Em maio, o Ministério da Saúde enviou à fundação o termo de convênio nº 2018/2004, para ser assinado e rubricado. O presidente da fundação, padre Jonas Abib, colocaria sua assinatura ao lado daquela do então ministro Humberto Costa. Um detalhe chamou a atenção do departamento jurídico da fundação: o termo do convênio, para o qual eram destinados R$ 160.000, visava à "aquisição de unidades móveis de saúde". Para isso, a fundação João Paulo 2º comprometia-se a "promover as licitações necessárias para a aquisição" das ambulâncias. Acontece que as ambulâncias que seriam licitadas eram aquelas que já tinham sido entregues à fundação, e que vinham da Planam. O jurídico da fundação não gostou da cláusula. "Resolvemos não assinar", diz Sodero Toledo.
Mesmo sem a assinatura, o "Diário Oficial da União" de 26 de julho de 2004 publicou extrato do convênio nº 2018/ 2004, dando conta de que, quatro dias antes, o ministro Humberto Costa e o padre Jonas Abib haviam assinado o termo. Ao mencionar o objeto do convênio, o "Diário Oficial" fala em "aquisição de unidade móvel de saúde" -assim, no singular.

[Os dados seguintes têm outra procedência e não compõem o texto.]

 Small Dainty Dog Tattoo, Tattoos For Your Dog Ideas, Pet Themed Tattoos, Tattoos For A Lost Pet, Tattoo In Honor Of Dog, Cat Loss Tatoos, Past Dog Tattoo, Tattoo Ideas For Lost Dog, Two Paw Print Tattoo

E atribui os recursos financeiros para a aquisição: R$ 160.000.
Quase um ano depois, em 8 de julho de 2005, o ofício nº 1.392, assinado por Silvana Squitino Tambosi, chefe do Serviço de Habilitação e Análise de Projetos do Ministério da Saúde em São Paulo, endereçado ao padre Jonas Abib, pedia "a gentileza de assinar e rubricar todas as páginas do Convênio 2018/ 2004". O mais impressionante: pedia que as assinaturas fossem colocadas "sem mencionar a data, para que possamos encaminhá-lo a Brasília". A fundação não assinou.

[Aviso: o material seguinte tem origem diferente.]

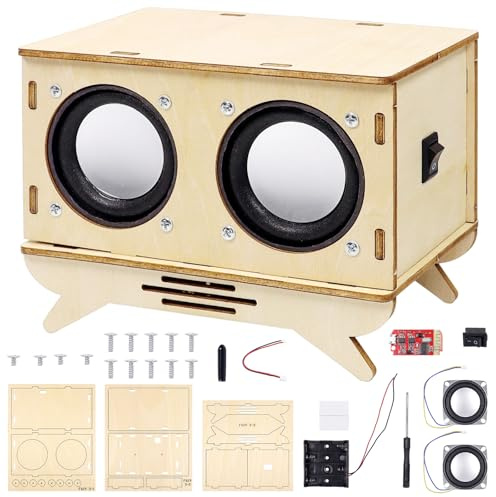 Juego de construcción de altavoz, altavoz Bluetooth electrónico con soporte | Electrónica Juego de construcción de altavoz, kit de construcción de madera, experimentos científicos, juguetes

Como a assinatura não saía, a Planam tentou reaver os veículos. Alegava que a fundação havia contraído dívida correspondente aos valores somados dos veículos. A fundação diz que recebeu os veículos como doação. A UTI móvel foi registrada em 16 de junho de 2004, tendo a Fundação João Paulo 2º como proprietária. Quanto à ambulância odontológica, cuja propriedade não chegou a ser transferida para a fundação, acabou sendo devolvida à Planam em 27 de janeiro de 2006.
Na mesma data, a Planam insistiu em que a fundação pagasse R$ 120 mil pela UTI móvel. A fundação não aceitou.

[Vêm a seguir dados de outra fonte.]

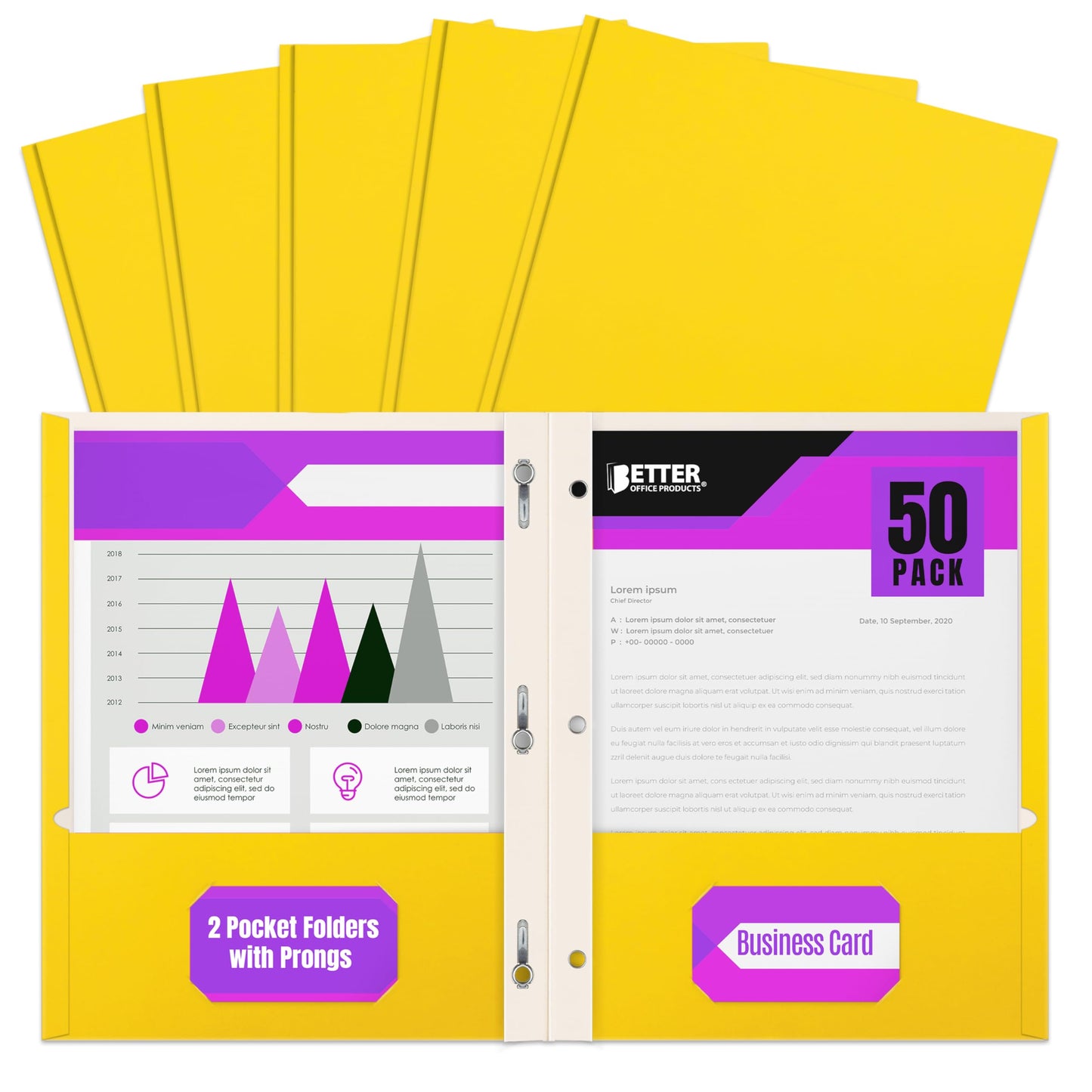Better Office Products Yellow Paper 2 Pocket Folders with Prongs, 50 Pack, Matte Texture, Letter Size Paper Folders, 50 Pack, with 3 Metal Prong Fastener Clips, Yellow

Na semana passada, a fundação recebeu correspondência datada de 18 de julho de 2006, assinada por José Menezes Neto, diretor-executivo do Fundo Nacional de Saúde. Sobre o convênio, diz-se que, "por lapso, [ele foi] publicado no Diário Oficial da União, nº 142, de 26.07.2004" A carta admite: "Identificado que a pactuação [assinatura do convênio] não veio a prosperar, estamos adotando as providências no sentido de tornar sem efeito o ato." Até sexta-feira, a ambulância continuava no posto Padre Pio.